─── Supplied information
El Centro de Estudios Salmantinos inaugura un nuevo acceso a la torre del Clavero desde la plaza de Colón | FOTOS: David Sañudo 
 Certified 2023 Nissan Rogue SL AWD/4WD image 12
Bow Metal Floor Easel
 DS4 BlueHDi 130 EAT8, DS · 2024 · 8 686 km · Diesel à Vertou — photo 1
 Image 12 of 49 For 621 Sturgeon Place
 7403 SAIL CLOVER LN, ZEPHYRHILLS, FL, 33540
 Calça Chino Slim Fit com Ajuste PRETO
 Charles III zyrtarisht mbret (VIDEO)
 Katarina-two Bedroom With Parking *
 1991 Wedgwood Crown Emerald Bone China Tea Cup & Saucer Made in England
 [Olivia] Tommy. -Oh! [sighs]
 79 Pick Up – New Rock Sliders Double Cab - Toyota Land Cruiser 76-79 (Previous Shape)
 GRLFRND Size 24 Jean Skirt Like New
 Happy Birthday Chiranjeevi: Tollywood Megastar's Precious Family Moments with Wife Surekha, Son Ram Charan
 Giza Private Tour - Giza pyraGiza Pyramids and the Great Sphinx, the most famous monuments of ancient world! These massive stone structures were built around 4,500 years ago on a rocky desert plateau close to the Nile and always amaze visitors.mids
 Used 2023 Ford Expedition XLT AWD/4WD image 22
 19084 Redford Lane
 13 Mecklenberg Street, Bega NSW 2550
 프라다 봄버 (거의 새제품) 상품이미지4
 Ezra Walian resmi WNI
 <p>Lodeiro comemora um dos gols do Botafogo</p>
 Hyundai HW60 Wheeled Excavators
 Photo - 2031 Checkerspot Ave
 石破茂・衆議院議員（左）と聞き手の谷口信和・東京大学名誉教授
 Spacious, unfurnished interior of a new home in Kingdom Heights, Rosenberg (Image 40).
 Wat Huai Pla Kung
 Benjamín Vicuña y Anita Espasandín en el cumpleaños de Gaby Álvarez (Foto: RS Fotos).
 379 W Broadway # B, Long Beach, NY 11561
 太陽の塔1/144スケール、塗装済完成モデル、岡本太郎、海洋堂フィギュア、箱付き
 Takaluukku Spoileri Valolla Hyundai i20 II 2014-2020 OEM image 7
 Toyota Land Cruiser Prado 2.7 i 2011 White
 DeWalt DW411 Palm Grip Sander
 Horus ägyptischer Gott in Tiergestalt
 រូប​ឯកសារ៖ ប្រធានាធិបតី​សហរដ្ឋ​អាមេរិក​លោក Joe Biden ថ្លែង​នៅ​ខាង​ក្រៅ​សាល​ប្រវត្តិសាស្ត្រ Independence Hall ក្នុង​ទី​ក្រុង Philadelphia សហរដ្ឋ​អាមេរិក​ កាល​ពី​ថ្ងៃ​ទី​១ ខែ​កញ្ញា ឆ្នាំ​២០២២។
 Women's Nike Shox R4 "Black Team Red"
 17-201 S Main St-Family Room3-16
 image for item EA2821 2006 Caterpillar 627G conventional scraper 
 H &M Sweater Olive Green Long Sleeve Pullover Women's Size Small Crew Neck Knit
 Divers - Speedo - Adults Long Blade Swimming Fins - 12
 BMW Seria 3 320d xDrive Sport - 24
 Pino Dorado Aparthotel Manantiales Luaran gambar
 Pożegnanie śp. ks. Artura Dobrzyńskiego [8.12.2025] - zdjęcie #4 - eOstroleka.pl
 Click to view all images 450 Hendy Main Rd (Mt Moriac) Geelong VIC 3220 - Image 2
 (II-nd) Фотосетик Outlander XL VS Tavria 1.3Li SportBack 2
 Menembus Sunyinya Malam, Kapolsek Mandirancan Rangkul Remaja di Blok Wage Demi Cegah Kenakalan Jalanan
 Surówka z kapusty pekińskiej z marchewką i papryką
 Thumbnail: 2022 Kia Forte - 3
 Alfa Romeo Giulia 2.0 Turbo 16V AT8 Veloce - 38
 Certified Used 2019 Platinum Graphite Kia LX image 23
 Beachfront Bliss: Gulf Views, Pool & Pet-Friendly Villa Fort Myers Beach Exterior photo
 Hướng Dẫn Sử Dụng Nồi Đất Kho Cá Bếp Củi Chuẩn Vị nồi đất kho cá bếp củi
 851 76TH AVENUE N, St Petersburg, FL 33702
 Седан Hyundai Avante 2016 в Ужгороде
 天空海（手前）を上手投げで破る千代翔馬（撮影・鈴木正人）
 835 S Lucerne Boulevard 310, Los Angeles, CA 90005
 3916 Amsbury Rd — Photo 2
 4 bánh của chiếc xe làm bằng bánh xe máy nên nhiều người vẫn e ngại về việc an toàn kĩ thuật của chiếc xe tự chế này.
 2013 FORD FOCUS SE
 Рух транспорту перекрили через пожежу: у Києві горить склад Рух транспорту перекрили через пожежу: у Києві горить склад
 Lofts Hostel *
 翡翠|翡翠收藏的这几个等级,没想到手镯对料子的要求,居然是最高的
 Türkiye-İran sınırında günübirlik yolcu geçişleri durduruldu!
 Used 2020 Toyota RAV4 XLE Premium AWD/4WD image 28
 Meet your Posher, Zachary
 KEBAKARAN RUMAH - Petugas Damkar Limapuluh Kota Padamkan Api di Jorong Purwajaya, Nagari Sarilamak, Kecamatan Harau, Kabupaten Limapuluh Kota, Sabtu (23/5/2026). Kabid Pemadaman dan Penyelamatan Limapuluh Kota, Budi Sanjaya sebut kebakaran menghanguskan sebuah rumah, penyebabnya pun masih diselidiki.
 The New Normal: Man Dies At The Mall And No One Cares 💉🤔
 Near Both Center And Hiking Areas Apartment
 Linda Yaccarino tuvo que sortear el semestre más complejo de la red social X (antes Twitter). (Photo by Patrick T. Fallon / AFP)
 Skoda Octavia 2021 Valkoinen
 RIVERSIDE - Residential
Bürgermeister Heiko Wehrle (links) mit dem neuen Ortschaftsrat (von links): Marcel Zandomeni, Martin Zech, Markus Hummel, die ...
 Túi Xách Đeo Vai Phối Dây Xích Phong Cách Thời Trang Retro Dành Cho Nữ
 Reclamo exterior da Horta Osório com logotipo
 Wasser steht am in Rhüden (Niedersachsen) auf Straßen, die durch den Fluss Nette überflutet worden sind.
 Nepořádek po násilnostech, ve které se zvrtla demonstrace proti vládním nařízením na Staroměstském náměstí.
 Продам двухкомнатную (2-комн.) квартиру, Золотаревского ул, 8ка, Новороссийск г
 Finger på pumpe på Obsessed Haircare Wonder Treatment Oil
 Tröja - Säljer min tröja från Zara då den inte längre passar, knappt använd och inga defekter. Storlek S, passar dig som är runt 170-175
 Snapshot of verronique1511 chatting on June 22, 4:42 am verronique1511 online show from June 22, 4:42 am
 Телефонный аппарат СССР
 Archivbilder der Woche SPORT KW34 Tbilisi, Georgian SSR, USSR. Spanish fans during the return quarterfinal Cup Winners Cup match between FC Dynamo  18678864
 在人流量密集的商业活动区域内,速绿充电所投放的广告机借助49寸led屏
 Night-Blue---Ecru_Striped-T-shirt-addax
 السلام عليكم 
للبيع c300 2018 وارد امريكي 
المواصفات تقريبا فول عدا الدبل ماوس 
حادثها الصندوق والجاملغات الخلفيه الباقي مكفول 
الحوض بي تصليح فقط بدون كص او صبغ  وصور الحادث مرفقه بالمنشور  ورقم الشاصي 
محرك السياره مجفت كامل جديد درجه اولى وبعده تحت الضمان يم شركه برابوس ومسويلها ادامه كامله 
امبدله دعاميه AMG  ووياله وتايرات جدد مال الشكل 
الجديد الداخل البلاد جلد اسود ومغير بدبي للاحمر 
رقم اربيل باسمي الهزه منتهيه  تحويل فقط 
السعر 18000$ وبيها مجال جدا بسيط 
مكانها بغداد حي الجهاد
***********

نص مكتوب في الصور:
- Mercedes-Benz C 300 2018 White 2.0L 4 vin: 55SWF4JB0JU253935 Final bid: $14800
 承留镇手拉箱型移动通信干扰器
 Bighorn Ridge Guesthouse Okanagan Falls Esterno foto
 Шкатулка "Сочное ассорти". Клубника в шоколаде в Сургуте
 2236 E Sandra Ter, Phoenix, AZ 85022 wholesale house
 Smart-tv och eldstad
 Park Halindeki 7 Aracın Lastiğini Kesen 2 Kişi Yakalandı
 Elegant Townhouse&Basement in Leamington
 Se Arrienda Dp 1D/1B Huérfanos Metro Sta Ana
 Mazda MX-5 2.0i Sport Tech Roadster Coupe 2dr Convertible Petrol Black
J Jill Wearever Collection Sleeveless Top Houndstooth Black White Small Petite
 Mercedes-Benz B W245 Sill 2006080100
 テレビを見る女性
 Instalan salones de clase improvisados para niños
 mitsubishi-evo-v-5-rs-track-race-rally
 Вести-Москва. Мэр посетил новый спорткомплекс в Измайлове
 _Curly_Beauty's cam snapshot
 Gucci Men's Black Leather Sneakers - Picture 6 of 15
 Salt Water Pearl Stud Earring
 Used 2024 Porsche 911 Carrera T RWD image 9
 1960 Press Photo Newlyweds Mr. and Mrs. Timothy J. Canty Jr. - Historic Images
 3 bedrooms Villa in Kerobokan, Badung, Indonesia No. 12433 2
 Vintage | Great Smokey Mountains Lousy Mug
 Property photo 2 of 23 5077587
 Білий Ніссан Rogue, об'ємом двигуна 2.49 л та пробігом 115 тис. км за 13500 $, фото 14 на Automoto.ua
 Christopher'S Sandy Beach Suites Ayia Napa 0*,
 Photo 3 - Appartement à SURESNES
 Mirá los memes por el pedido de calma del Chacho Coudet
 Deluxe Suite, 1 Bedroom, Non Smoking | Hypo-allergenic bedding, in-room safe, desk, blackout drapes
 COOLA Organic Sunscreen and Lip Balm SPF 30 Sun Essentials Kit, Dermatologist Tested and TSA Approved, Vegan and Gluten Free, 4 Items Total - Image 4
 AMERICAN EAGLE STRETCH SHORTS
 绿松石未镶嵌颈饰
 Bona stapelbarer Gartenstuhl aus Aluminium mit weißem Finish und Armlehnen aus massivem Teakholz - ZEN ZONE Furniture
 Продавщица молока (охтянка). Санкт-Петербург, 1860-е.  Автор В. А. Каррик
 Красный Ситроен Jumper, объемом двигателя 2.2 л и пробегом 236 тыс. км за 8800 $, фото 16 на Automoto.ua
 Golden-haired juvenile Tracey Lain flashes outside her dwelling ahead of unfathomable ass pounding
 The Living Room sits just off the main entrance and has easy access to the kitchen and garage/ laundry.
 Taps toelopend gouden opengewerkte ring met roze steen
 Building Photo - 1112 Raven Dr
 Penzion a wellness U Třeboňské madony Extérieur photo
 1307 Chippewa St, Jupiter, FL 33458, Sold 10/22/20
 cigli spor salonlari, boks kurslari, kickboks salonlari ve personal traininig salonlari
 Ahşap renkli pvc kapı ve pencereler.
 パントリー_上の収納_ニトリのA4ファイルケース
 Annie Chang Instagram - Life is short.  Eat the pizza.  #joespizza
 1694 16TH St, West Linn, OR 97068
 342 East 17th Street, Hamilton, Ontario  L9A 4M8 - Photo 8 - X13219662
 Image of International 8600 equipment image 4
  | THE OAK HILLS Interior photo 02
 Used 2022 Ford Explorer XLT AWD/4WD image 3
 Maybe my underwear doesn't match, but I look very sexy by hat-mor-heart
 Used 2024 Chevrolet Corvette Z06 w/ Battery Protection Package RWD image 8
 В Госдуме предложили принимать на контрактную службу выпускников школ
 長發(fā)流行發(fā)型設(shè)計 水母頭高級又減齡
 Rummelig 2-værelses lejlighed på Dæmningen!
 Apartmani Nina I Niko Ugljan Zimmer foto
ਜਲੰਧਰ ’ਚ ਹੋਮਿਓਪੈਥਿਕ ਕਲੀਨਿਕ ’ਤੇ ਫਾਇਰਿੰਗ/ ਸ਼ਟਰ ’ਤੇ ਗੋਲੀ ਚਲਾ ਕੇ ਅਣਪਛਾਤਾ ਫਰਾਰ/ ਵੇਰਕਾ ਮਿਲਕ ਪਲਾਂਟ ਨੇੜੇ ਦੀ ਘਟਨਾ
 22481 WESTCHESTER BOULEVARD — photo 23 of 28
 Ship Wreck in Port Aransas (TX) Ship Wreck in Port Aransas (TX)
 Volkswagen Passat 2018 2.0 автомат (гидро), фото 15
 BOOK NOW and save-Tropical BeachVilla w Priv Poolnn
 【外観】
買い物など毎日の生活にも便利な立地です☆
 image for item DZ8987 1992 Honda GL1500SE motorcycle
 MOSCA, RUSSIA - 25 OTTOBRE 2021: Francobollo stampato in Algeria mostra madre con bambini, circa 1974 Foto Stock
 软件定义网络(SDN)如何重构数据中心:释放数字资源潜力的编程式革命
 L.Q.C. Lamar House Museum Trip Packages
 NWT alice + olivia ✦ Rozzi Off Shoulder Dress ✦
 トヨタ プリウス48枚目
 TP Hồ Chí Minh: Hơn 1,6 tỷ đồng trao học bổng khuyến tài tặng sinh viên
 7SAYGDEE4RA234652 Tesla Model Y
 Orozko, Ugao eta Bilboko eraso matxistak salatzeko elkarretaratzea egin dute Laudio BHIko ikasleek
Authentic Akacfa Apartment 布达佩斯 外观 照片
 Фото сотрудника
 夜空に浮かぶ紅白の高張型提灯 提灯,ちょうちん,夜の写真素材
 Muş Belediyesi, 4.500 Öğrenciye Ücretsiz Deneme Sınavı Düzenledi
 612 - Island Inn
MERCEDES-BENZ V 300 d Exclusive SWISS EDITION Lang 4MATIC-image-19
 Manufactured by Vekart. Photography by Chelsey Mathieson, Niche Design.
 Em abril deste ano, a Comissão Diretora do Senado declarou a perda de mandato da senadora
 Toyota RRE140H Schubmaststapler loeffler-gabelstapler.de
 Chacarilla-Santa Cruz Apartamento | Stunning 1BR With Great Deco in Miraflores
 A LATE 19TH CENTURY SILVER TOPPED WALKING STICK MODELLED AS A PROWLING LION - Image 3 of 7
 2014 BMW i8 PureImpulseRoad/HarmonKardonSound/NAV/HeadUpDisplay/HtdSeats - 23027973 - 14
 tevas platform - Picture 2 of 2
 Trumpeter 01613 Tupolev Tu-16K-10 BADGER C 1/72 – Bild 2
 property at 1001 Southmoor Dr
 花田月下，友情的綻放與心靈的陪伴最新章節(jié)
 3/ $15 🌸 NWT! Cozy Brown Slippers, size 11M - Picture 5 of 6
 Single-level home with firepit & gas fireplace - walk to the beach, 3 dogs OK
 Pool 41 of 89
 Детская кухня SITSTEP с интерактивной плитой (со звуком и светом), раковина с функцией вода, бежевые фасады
──────
Problem to work on - Going back to the entries above, set down exactly the lines that begin at the one with "Near Both Center And Hiking Areas Apartment" and end at the one with "Smart-tv och eldstad", both included, and nothing else.

Task response -
 Near Both Center And Hiking Areas Apartment
 Linda Yaccarino tuvo que sortear el semestre más complejo de la red social X (antes Twitter). (Photo by Patrick T. Fallon / AFP)
 Skoda Octavia 2021 Valkoinen
 RIVERSIDE - Residential
Bürgermeister Heiko Wehrle (links) mit dem neuen Ortschaftsrat (von links): Marcel Zandomeni, Martin Zech, Markus Hummel, die ...
 Túi Xách Đeo Vai Phối Dây Xích Phong Cách Thời Trang Retro Dành Cho Nữ
 Reclamo exterior da Horta Osório com logotipo
 Wasser steht am in Rhüden (Niedersachsen) auf Straßen, die durch den Fluss Nette überflutet worden sind.
 Nepořádek po násilnostech, ve které se zvrtla demonstrace proti vládním nařízením na Staroměstském náměstí.
 Продам двухкомнатную (2-комн.) квартиру, Золотаревского ул, 8ка, Новороссийск г
 Finger på pumpe på Obsessed Haircare Wonder Treatment Oil
 Tröja - Säljer min tröja från Zara då den inte längre passar, knappt använd och inga defekter. Storlek S, passar dig som är runt 170-175
 Snapshot of verronique1511 chatting on June 22, 4:42 am verronique1511 online show from June 22, 4:42 am
 Телефонный аппарат СССР
 Archivbilder der Woche SPORT KW34 Tbilisi, Georgian SSR, USSR. Spanish fans during the return quarterfinal Cup Winners Cup match between FC Dynamo  18678864
 在人流量密集的商业活动区域内,速绿充电所投放的广告机借助49寸led屏
 Night-Blue---Ecru_Striped-T-shirt-addax
 السلام عليكم 
للبيع c300 2018 وارد امريكي 
المواصفات تقريبا فول عدا الدبل ماوس 
حادثها الصندوق والجاملغات الخلفيه الباقي مكفول 
الحوض بي تصليح فقط بدون كص او صبغ  وصور الحادث مرفقه بالمنشور  ورقم الشاصي 
محرك السياره مجفت كامل جديد درجه اولى وبعده تحت الضمان يم شركه برابوس ومسويلها ادامه كامله 
امبدله دعاميه AMG  ووياله وتايرات جدد مال الشكل 
الجديد الداخل البلاد جلد اسود ومغير بدبي للاحمر 
رقم اربيل باسمي الهزه منتهيه  تحويل فقط 
السعر 18000$ وبيها مجال جدا بسيط 
مكانها بغداد حي الجهاد
***********

نص مكتوب في الصور:
- Mercedes-Benz C 300 2018 White 2.0L 4 vin: 55SWF4JB0JU253935 Final bid: $14800
 承留镇手拉箱型移动通信干扰器
 Bighorn Ridge Guesthouse Okanagan Falls Esterno foto
 Шкатулка "Сочное ассорти". Клубника в шоколаде в Сургуте
 2236 E Sandra Ter, Phoenix, AZ 85022 wholesale house
 Smart-tv och eldstad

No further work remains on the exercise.